Traum oder Albtraum für Michael Thonet? Das Trio Breaded Escalope spielt im Rahmen ihres Projekts "Love me bender" mit dem Massenobjekt und Plastiksessel "Monoblock" und stellen ihm ihre Interpretation von Manufakturarbeit in Form einer Bugholzkonstruktion gegenüber.

Beim "Original Stool" formt die Fliehkraft das Sitzmöbel zum Unikat.

Eine Form in einer Kugel wird mit Kunststoff befüllt und dann möglichst fest gerollt, gezogen oder gekickt, ehe das Material aushärtet.
Vielleicht rotiert der große Meister Thonet im Grab - vielleicht aber klopft sich der Möbelpionier vor lauter Freude auch auf die Oberschenkel. Anlass für beiderlei postmortale Reaktionen wäre das Sitzobjekt "Love me bender", sozusagen der durch die Zeit gereiste Nachfahre des klassischen Thonet-Bugholzsessels - nur halt mit einer Menge Schalk in der Lehne.
Es ist jenes Projekt, mit welchem die drei Designer von Breaded Escalope vor kurzem auch auf der Mailänder Möbelmesse allerlei Dampf abließen - und das geht so: Die Burschen schnappen sich zwei Herdplatten, gewöhnliche Teekessel, verbinden deren Ausgüsse mittels Schläuchen mit einem verschließbaren Aluminiumrohr, in das Buchenholzlatten gelegt werden.

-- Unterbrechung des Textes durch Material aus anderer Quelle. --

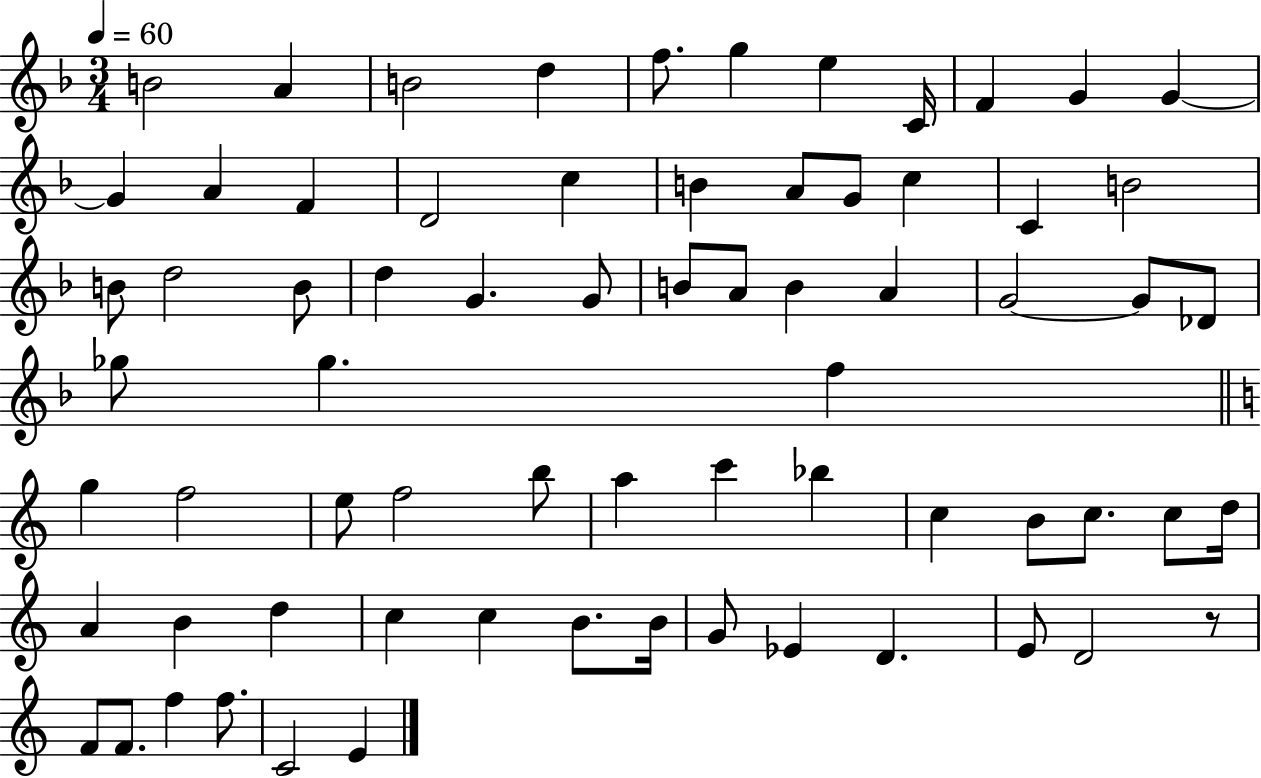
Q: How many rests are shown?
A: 1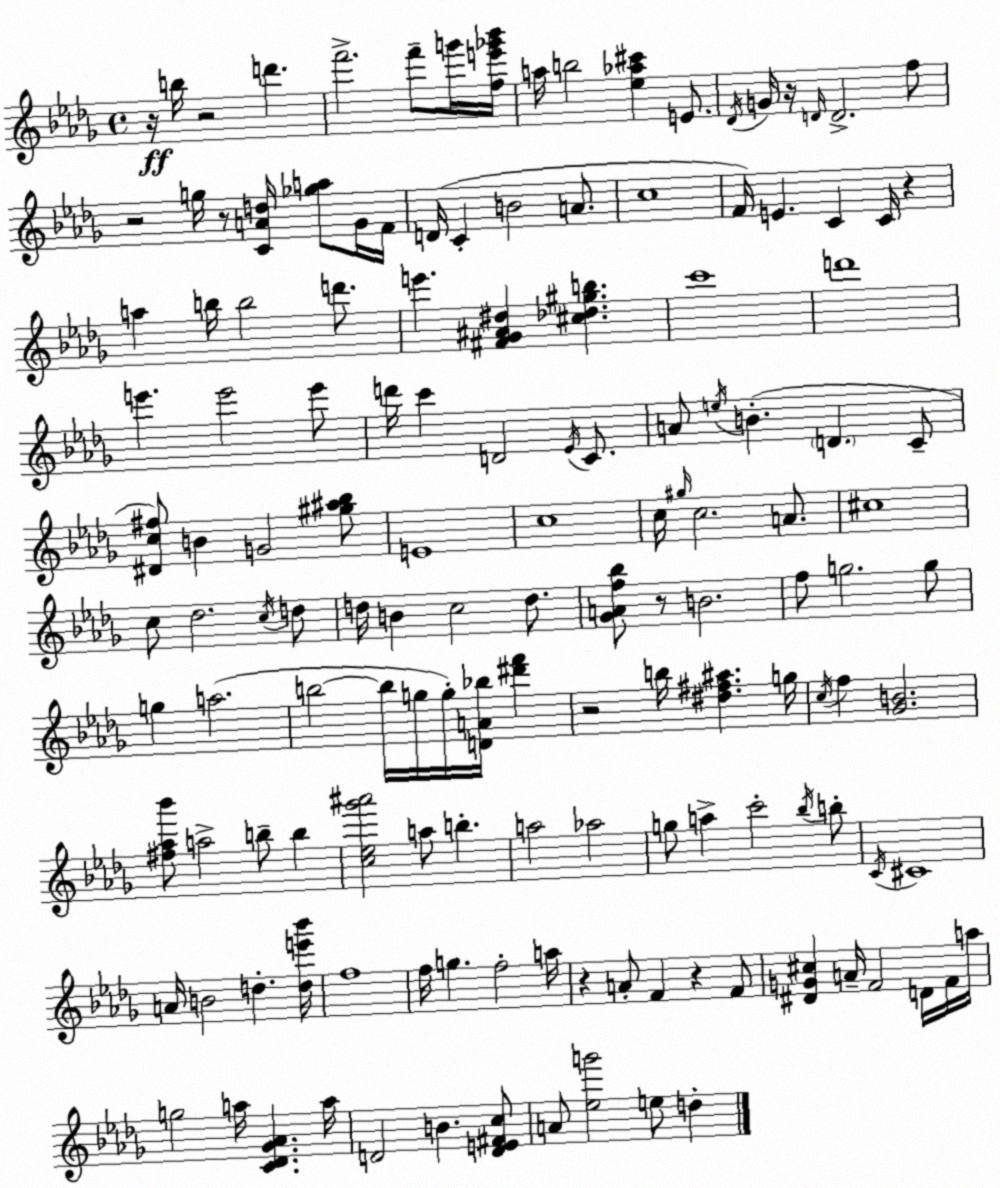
X:1
T:Untitled
M:4/4
L:1/4
K:Bbm
z/4 b/4 z2 d' f'2 f'/2 g'/4 [fe'_g'_b']/4 a/4 b2 [_e_a^c'] E/2 _D/4 G/4 z/4 D/4 D2 f/2 z2 g/4 z/2 [CAd]/4 [_ga]/2 _G/4 F/4 D/4 C B2 A/2 c4 F/4 E C C/4 z a b/4 b2 d'/2 e' [^F_G^A^d] [^c_d^gb] c'4 d'4 e' e'2 e'/2 d'/4 c' D2 _E/4 C/2 A/2 e/4 B D C/2 [^Dc^f]/2 B G2 [^g^a_b]/2 E4 c4 c/4 ^g/4 c2 A/2 ^c4 c/2 _d2 c/4 d/2 d/4 B c2 d/2 [_GAf_b]/2 z/2 B2 f/2 g2 g/2 g a2 b2 b/4 g/4 g/4 [DA_b]/4 [^d'f'] z2 b/4 [^d^f^a] g/4 c/4 f [_GB]2 [^f_a_b']/2 a2 b/2 b [c_e_g'^a']2 a/2 b a2 _a2 g/2 a c'2 _b/4 b/2 C/4 ^C4 A/4 B2 d [de'_b']/4 f4 f/4 g f2 a/4 z A/2 F z F/2 [^DG^c] A/4 F2 D/4 F/4 a/4 g2 a/4 [C_D_G_A] a/4 D2 B [DE^Fc]/2 A/2 [_eg']2 e/2 d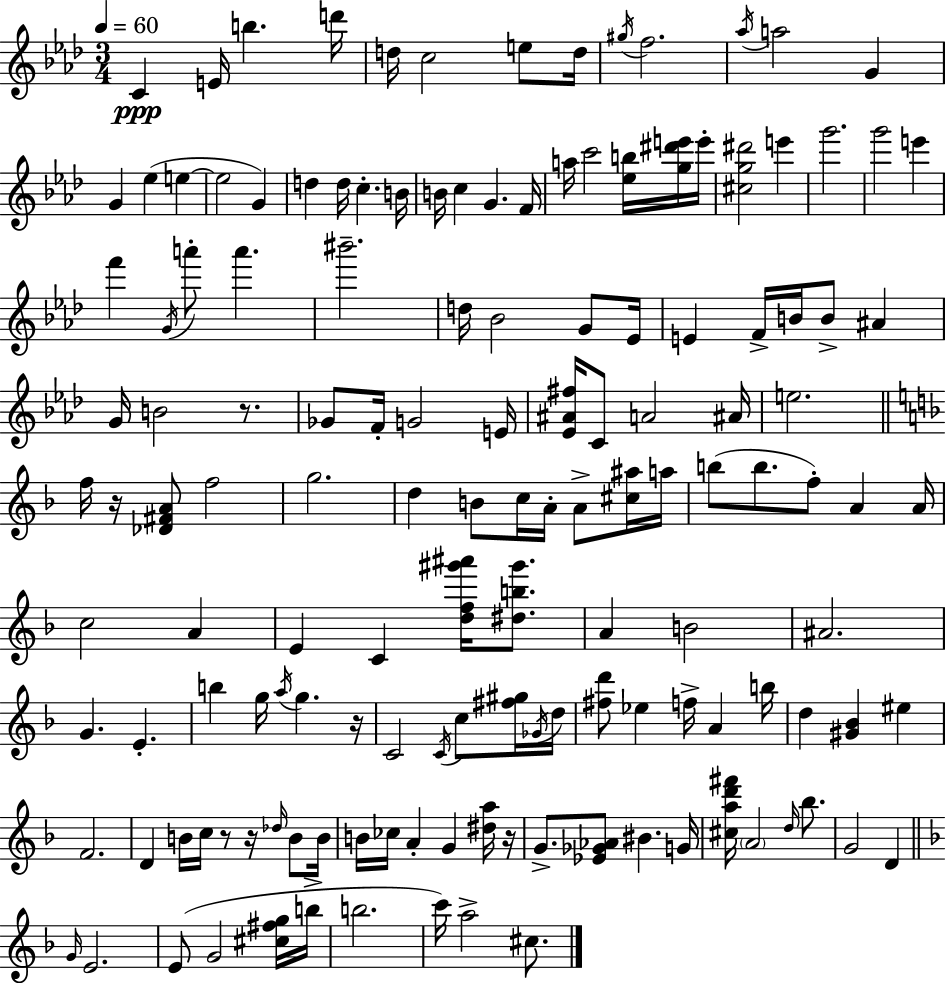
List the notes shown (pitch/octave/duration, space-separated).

C4/q E4/s B5/q. D6/s D5/s C5/h E5/e D5/s G#5/s F5/h. Ab5/s A5/h G4/q G4/q Eb5/q E5/q E5/h G4/q D5/q D5/s C5/q. B4/s B4/s C5/q G4/q. F4/s A5/s C6/h [Eb5,B5]/s [G5,D#6,E6]/s E6/s [C#5,G5,D#6]/h E6/q G6/h. G6/h E6/q F6/q G4/s A6/e A6/q. BIS6/h. D5/s Bb4/h G4/e Eb4/s E4/q F4/s B4/s B4/e A#4/q G4/s B4/h R/e. Gb4/e F4/s G4/h E4/s [Eb4,A#4,F#5]/s C4/e A4/h A#4/s E5/h. F5/s R/s [Db4,F#4,A4]/e F5/h G5/h. D5/q B4/e C5/s A4/s A4/e [C#5,A#5]/s A5/s B5/e B5/e. F5/e A4/q A4/s C5/h A4/q E4/q C4/q [D5,F5,G#6,A#6]/s [D#5,B5,G#6]/e. A4/q B4/h A#4/h. G4/q. E4/q. B5/q G5/s A5/s G5/q. R/s C4/h C4/s C5/e [F#5,G#5]/s Gb4/s D5/s [F#5,D6]/e Eb5/q F5/s A4/q B5/s D5/q [G#4,Bb4]/q EIS5/q F4/h. D4/q B4/s C5/s R/e R/s Db5/s B4/e B4/s B4/s CES5/s A4/q G4/q [D#5,A5]/s R/s G4/e. [Eb4,Gb4,Ab4]/e BIS4/q. G4/s [C#5,A5,D6,F#6]/s A4/h D5/s Bb5/e. G4/h D4/q G4/s E4/h. E4/e G4/h [C#5,F#5,G5]/s B5/s B5/h. C6/s A5/h C#5/e.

Nach circa 30-minütigem Dampfbad wird das Holz gefügig, lässt sich prächtig biegen und wird nach vordefinierten Radien mit dem weltweit omnipräsenten Plastikstuhl, auch als "Monblock" bekannt, verbunden. Heraus kommt ein eigenwilliges Sitzobjekt der Kleinserie "Love me bender".
Schabernack
Genial sagen die einen, interessant die anderen, als Schabernack werden es die Spielverderber der Designzunft abtun, denn abgesehen von der heiteren Erscheinung des Objekts geht es hier um die Gegenüberstellung einer Ikone der Massenproduktion, einem Wegwerfprodukt, und dem Gedanken der Manufaktur-Arbeit. Theoretisch unvereinbar, und das ist ein weiterer wesentlicher Punkt, entsteht dabei eine ganz neue, eigenwillige Ästhetik. Salopp formuliert nennen die Designer ihre wild geschwungen Sitzangelegenheit "Matador für Nerds". (Achtung: Die nächste "Love me bender"-Werdung findet am 11. Mai, ab 18 Uhr in der Design Gallery Engelhorn & Turkiewicz im Wiener Stilwerk statt.)

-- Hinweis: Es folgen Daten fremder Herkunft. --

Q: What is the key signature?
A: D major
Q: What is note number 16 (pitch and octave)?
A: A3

2009 von Sascha Mikel, Martin Schnabl und Michael Tatschl, allesamt Jahrgang 1985 und aus Kärnten, gegründet, beschäftigt sich Breaded Escalope aber auch im Rahmen anderer Projekte mit der kulturellen Relevanz von Räumen und Gebrauchsgütern. Im Falle ihres Bugholz-Streiches lautet das Motto "Dampf statt Strom". "Klar geht es bei der Dampfgeschichte auch um Ironie, wir würden mit dieser Geschichte aber nie die Ideen Thonets lächerlich machen wollen", sagt Martin Schnabel, jener Teil des Trios, der im Moment bei den Kollegen im Verdacht steht, ein bisschen zu putschen, "denn er ist jener von uns dreien, der sich am ehesten ums Geld und um Kontakte zur Industrie kümmert", erklärt Sascha Mikel mit einem breiten Grinser. Sorgen um den Fortbestand des Trios müsse man sich aber keine machen, in der Zahl Drei sehen sie den "Kern der Demokratie", außerdem verstehen sie das "interne Verteidigen von Ideen als gutes Sparring-Training für draußen".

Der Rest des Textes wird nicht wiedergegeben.